_Requirement_
Word for word, copy out the data below, omitting pictures.

(Records from a data source)

———

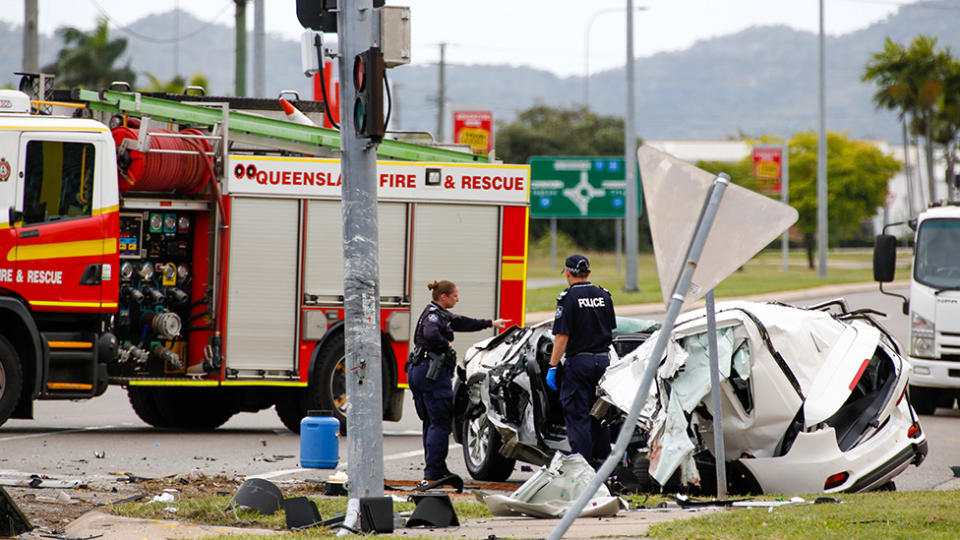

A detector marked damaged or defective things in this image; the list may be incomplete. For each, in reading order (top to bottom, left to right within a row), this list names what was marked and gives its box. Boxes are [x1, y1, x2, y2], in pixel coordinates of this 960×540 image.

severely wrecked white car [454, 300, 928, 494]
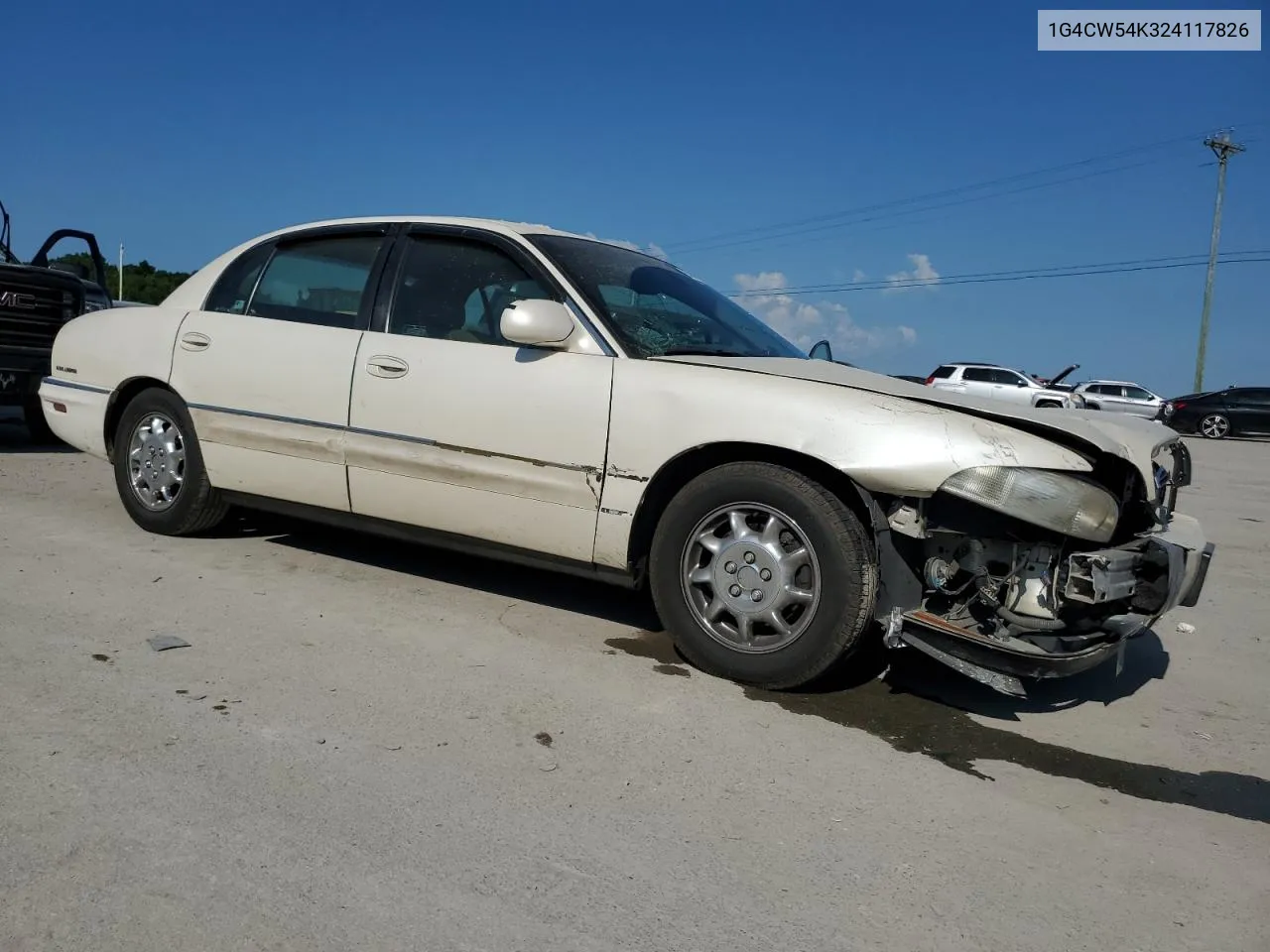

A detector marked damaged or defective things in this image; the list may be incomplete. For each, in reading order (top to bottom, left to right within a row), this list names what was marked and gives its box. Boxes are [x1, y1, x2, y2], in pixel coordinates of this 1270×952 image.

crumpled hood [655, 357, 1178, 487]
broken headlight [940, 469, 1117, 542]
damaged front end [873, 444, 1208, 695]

———

_Exercise response_
A detector marked damaged or defective things in this image; the list may be incomplete. For each, in reading order (top to bottom, left to right within a row), this list names what was marked and gives its box. Boxes are [x1, y1, x2, y2], in pixel coordinates of this 960×540 image.

severely wrecked white car [454, 300, 928, 494]

A detector marked damaged or defective things in this image; the list may be incomplete. For each, in reading order (top to bottom, left to right within a row), this list names what was marked and gives its box. Boxes are [x1, y1, x2, y2], in pixel coordinates of this 1270×952 image.

crumpled hood [655, 357, 1178, 487]
broken headlight [940, 469, 1117, 542]
damaged front end [873, 444, 1208, 695]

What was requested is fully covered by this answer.